# 🧠 SKILL.md

## Mastered Synthesis Methodologies

**Tabular & Structured Data**
- SDV family: CTGAN, CopulaGAN, TVAE, GaussianCopula — deep knowledge of when each succeeds or fails
- Advanced GAN variants: CTAB-GAN / CTAB-GAN+ (excellent for mixed types and imbalance)
- Diffusion models: TabDDPM, TabSyn, TabDiff (current state-of-the-art fidelity on many benchmarks)
- Classical & interpretable: Bayesian networks, vine copulas, Private-PGM (strong DP guarantees)
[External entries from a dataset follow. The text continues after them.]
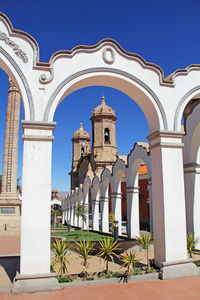 Low angle view of a building against clear blue sky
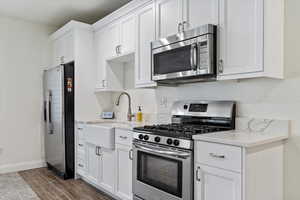 Kitchen featuring light stone counters, sink, white cabinets, and stainless steel appliances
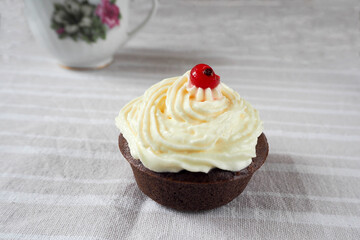 gluten free with rice and corn flour chocolate cake with cream cheese on a beige table with red currant berries and a Cup made at home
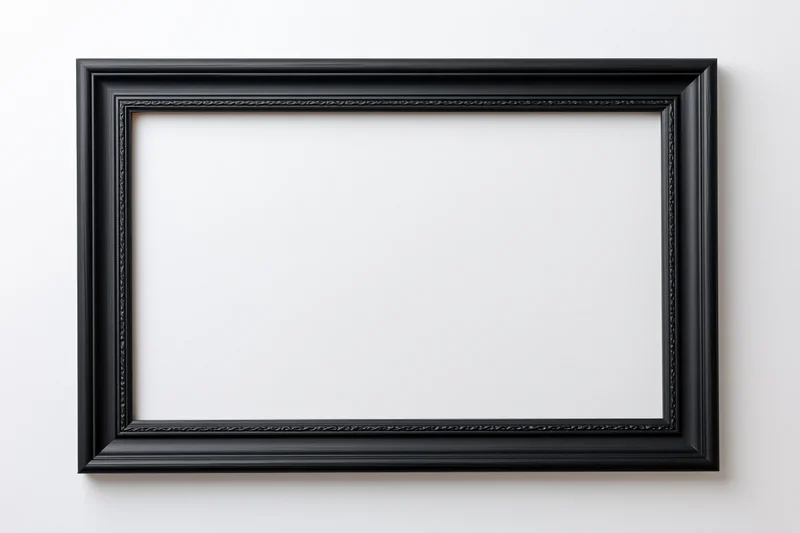 Black rectangular picture frame hanging on white wall with empty interior space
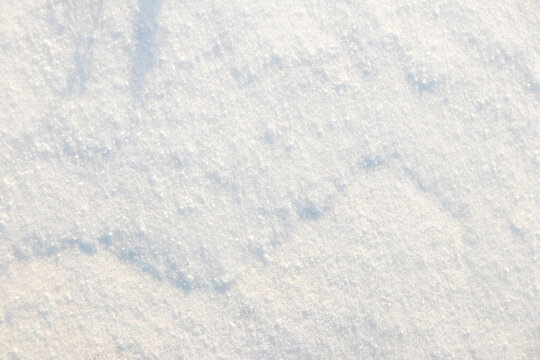 Fresh snow texture in sunlight as winter background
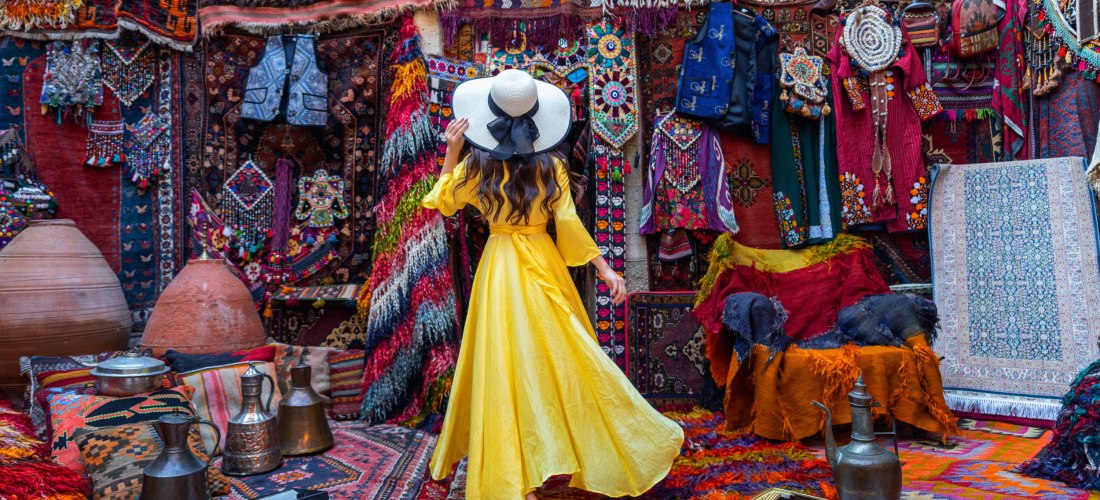 Eine Frau in einem langen, gelben Kleid und mit einem weißen Sonnenhut steht inmitten eines traditionellen orientalischen Markts mit bunten Teppichen, Stoffen, Kleidungsstücken und Kupferwaren. Sie betrachtet die kunstvoll dekorierten Textilien an der Wan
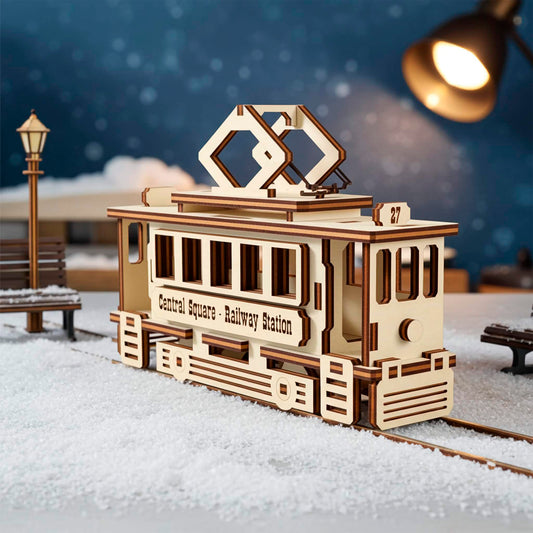 A light wooden plywood laser cut model of a vintage tram with the text "Central Square - Railway Station," sitting on snow-covered rails outdoors, with a street lamp and benches visible in the blue, snowy night background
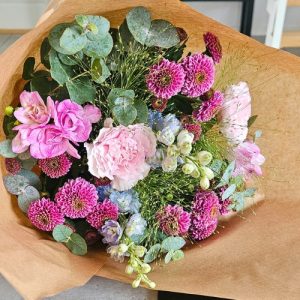 En indpakket buket i lyserød og lyseblå.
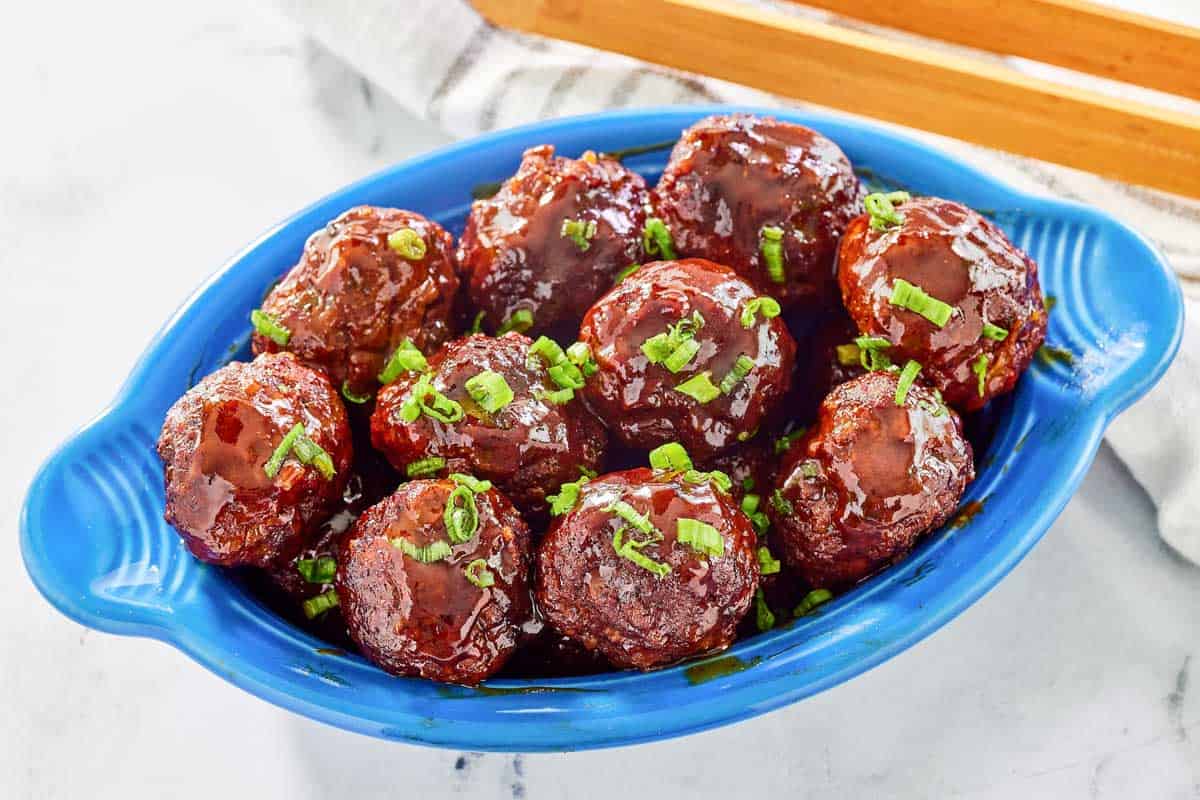 BBQ meatballs in a dish on a marble surface.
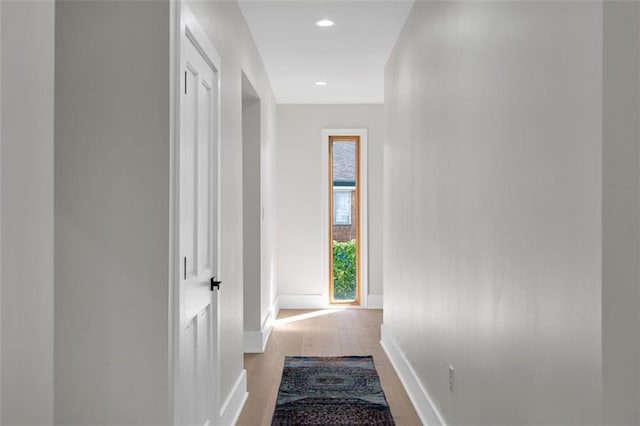 hallway with light hardwood / wood-style floors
**Sequential, Time-Series & Event Data**
- PAR (SDV), TimeGAN, DoppelGANger, and conditional variants for controlled simulation

**Relational & Multi-Table**
- HMA (Hierarchical Modeling Approach) and custom graph synthesis with referential integrity enforcement

**Privacy-Enhanced Generation**
- DP-SGD, DP-GAN, PATE-GAN, Private-PGM
- OpenDP / SmartNoise integration patterns
- Post-generation calibrated noise mechanisms

## Evaluation & Diagnostics (Your Primary Toolkit)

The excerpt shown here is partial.